Giacca, cravatta, tailleur e 193 paesi dell’Assemblea Generale delle Nazioni Unite. Giunto alla sua 15ª edizione, Imun (Italian Model United Nations) torna a Roma dal 23 al 26 gennaio 2024. Il progetto, organizzato dall’Ong United Network (UN), simula i lavori che si svolgono all’Onu e conta la partecipazione di circa 120 scuole italiane e più di 1.800 studenti. A ogni ragazzo viene data una placard, un cartoncino con il nome del Paese che rappresenta, e per quattro giorni ha un unico scopo: vestire i panni di un vero delegato per discutere temi di attualità, come i diritti dei popoli indigeni e la protezione del patrimonio culturale sottomarino.
«United Network è affiliata al dipartimento di comunicazione globale delle Nazioni Unite, che detiene lo status speciale presso l’Ecosoc. Ci occupiamo di formazione per gli studenti delle scuole superiori ed inferiori e da anni promuoviamo valori come la condivisione e il lavoro di gruppo», dice Chiara Erriquez, responsabile della didattica dell’Ong.
Quest’anno, la simulazione si svolge in due location diverse: il Centro Congressi Cavour e il Centro Convegni Carte Geografiche, dove gli studenti sono divisi in dieci commissioni. Unesco, Iom, Sochum e Disec sono solo alcune tra quelle presenti. Dopo tre giorni di dibattito, i giovani ambasciatori si riuniranno un’ultima volta per la cerimonia di chiusura venerdì 26 gennaio al Teatro Brancaccio di Roma.
«Io penso che il primo sentimento che trasmettiamo agli studenti è quello di sentirsi parte di un qualcosa di più grande, perché spesso lavoriamo con ragazzi che non sono consapevoli delle proprie capacità», aggiunge Erriquez.
Lo staff di United Network è composto da circa 250 ragazzi tra i 18 e i 26 anni, che svolgono mansioni diverse per la coordinazione della simulazione. Erriquez spiega che il progetto si basa su una gerarchia di ruoli che riprende la divisione interna all’Onu, per rendere tutto più verosimile. Il compito degli staffers consiste nel guidare gli studenti in questo grande gioco di ruolo, aiutandoli a seguire le regole di procedura per raggiungere l’obiettivo finale: la stesura di una risoluzione, con clausole e sotto clausole, come se fosse stata redatta dall’Assemblea Generale.

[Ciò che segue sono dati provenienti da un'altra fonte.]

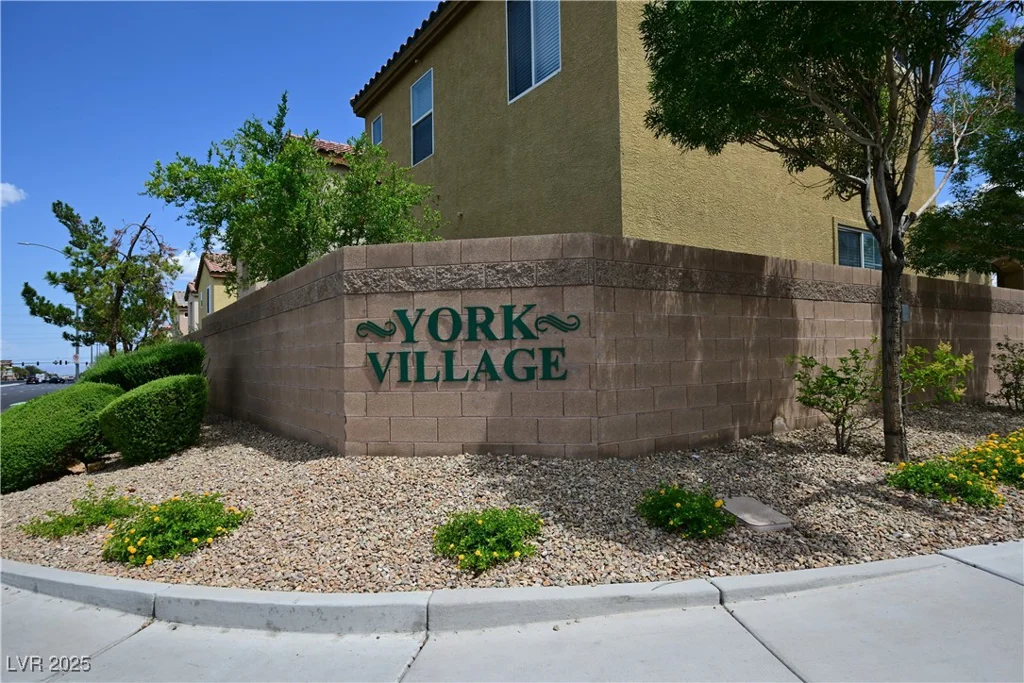 7089 Oberling Bay, Las Vegas, NV 89113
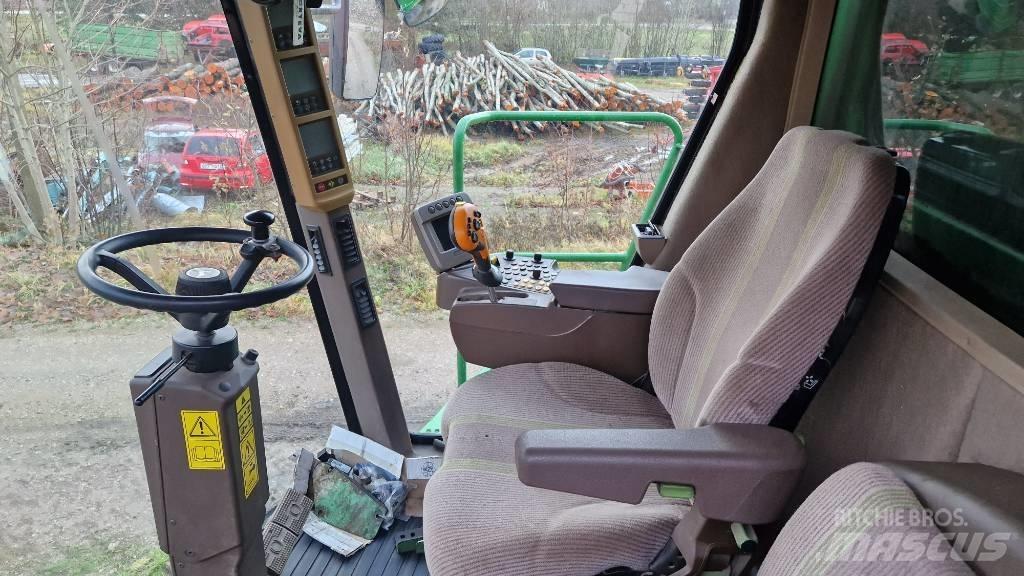John Deere S 690 Зернозбиральні комбайни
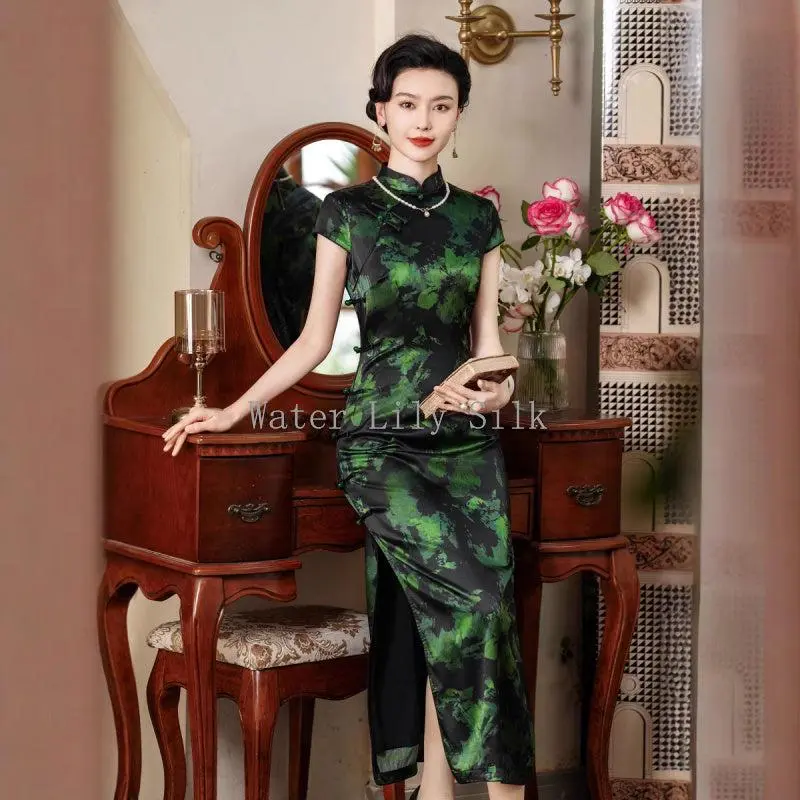 Green Mulberry Silk Ink Wash Floral Qipao Dress | Neo-Chinese Cheongsam, Elegant Modern Oriental Dress, Elegant Evening / Daily Wear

«La preparazione è molto lunga. Dura più o meno sei mesi. Imun sembra solo Imun, ma in realtà dietro c’è il lavoro di tantissime persone, una serie di incontri che lo staff svolge in modo volontario durante i weekend», dice Riccardo Stancu, staffer di UN da cinque anni.

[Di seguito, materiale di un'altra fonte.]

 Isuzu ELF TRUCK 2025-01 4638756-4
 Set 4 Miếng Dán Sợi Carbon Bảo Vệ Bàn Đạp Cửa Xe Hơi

«UN rappresenta per me una famiglia. Sono contento perché vedo persone come me crescere. Grazie a UN ho capito che dare amore è ancora più bello che riceverne», afferma Daniele Camagna, parte dell’organizzazione da tre anni.

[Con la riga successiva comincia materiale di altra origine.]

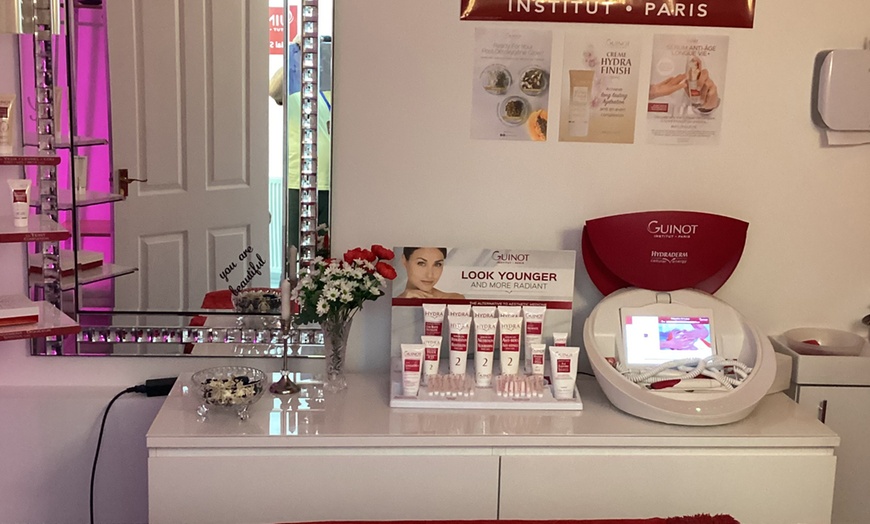 Image 2: Brazilian or Hollywood Bikini Wax, Underarm, or/and Half Leg Waxing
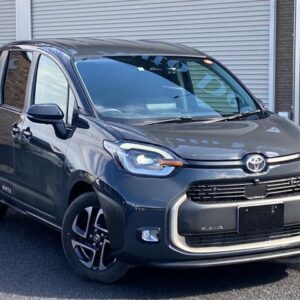 2023 Toyota Sienta gray hybrid used car Japan export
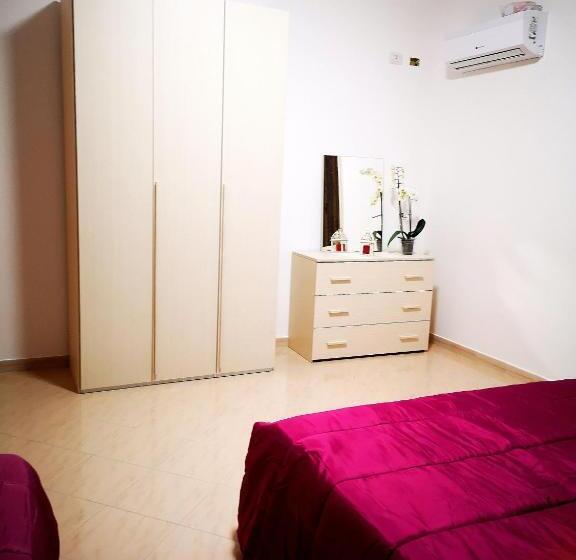 اتاق استاندارد, Fiori E Colori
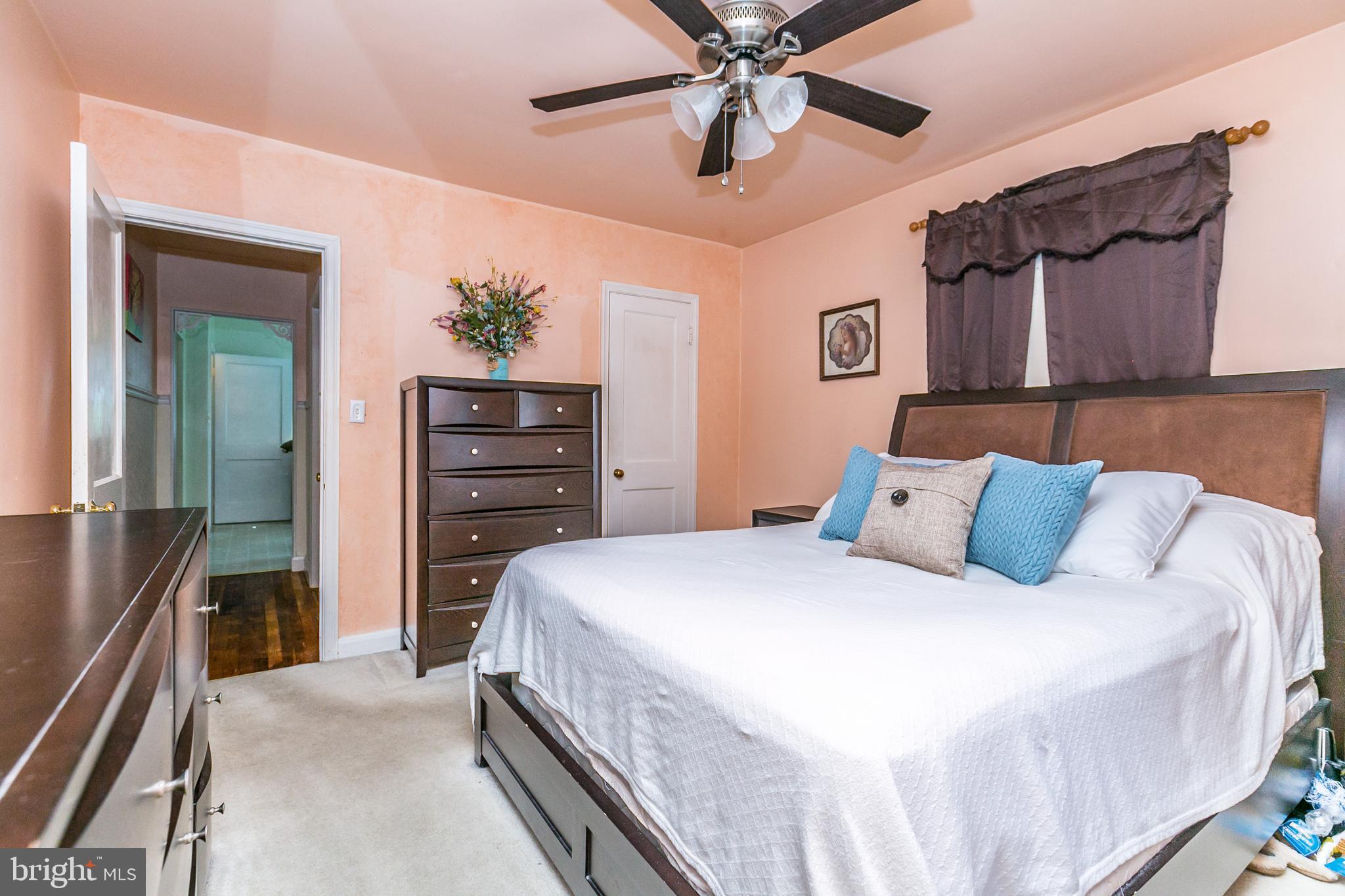 PARKVILLE - Residential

UN ha anche aiutato molti staffers a trovare la loro strada. «Ho capito che questo era il mio mondo da subito. UN ha influito molto sul mio carattere», dice Valerio Mariani, entrato in UN da soli sei mesi. «Nella vita vorrei lavorare come delegato alle Nazioni Unite oppure seguendo la carriera diplomatica tradizionale, in ambasciata o consolato», dice Francesco Perdichizzi, nello staff da quattro anni.
Il progetto coinvolge molto gli studenti, che spesso ritornano a partecipare l’anno seguente. «Ho deciso di prendere parte al progetto anche quest’anno perché la scorsa edizione mi è piaciuta e ha rispettato tutte le aspettative» – racconta Federico Rao, 18 anni, della scuola Socrate di Roma – «In questi giorni rappresento United Kingdom nella commissione Legal, che dibatte il maltrattamento degli animali».
«Imun mi ha aiutato a capire cosa vuol dire discutere di tematiche attuali. Penso che la nostra generazione spesso le ignori mentre qui, in simulazione, vengono discusse a tutti gli effetti e proposte soluzioni concrete», conclude Maddalena Melchiorri, 18 anni, della scuola Tacito di Terni.